Jonathan Eyal, international director at the think tank RUSI in London, said Russia's goal is to pressure Moldova, stir up problems between the central government and Transdniestria, and turn the energy crisis into a political crisis.

He said that it is in Moldova's interest to help the separatist region, whose declared independence has not been recognized by any country and which considers its people as its citizens. But it will have to impose duties on any gas it can send to Transdniestria, and this could lead to further disputes.

“There is no doubt that the government wants to help. The question is whether the separatists will want to accept help, and whether this could be a prelude to a much larger conflict rather than the beginning of a potential cooperative relationship.” He said in an interview.

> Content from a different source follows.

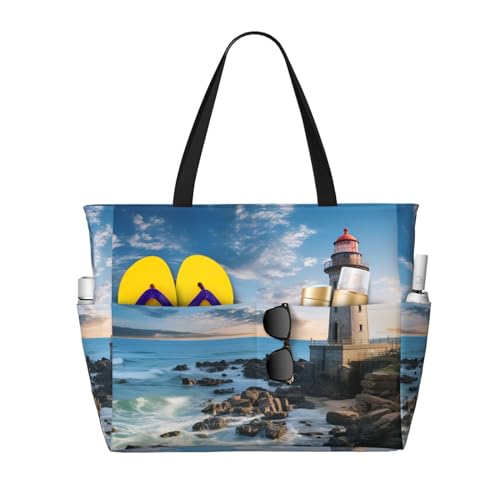 MMSJSBVY Strandtasche mit antiker orientalischer Kunst für Damen, Tragetasche mit Reißverschluss und Tasche, Reisen, Einkaufen, Pool, Beach Leuchtturm, Einheitsgröße von MMSJSBVY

“There is no doubt in my mind that Moscow is now counting on the possibility that the crisis will only exacerbate the separatist movement within Moldova.”

Russia blames Ukraine for stopping gas transportation and says the United States will benefit by selling more gas to Europe. Moscow denies using gas as a weapon to coerce Moldova, but said last month, as the gas cutoff date approached, that it would take steps to protect its citizens and forces in Transdniestria and “respond appropriately to any provocations.”

Moldovan Prime Minister Dorin Resian said on Friday that cutting off Russian gas supplies to Transdniestria had created a crisis for his country.

“We are treating this as a security crisis aimed at enabling the return of pro-Russian forces to power in Moldova and arming our territory against Ukraine, with which we share a 1,200-kilometre border,” he added.

“Russia will not abandon us”

In Transdniestria, authorities are extracting their remaining gas reserves, some of which is still being pumped into apartments so people can cook. The main power plant switched from gas to coal.

In Rybnitsa, a city of about 50,000 people in northern Transdniestria, 52-year-old Alla said she had set fire to one of the rooms in her house and that only “God's will” would turn the gas back on.

In Bender, a city with a population of 90,000 people, Maria Zolotukhina, 32, said her employer asked her to stay at home, where she was using an electric heater.

© Reuters. People gather near a Christmas tree in a square in Tiraspol, Moldova's breakaway region of Transdniestria, January 3, 2025. Photograph: Vladislav Bachev/Reuters.

She did not know whether she would continue to receive her wages, but said she was counting on Russia to help her.

“We are allies of Russia no matter what happens. We hope that Russia will not abandon us,” she said.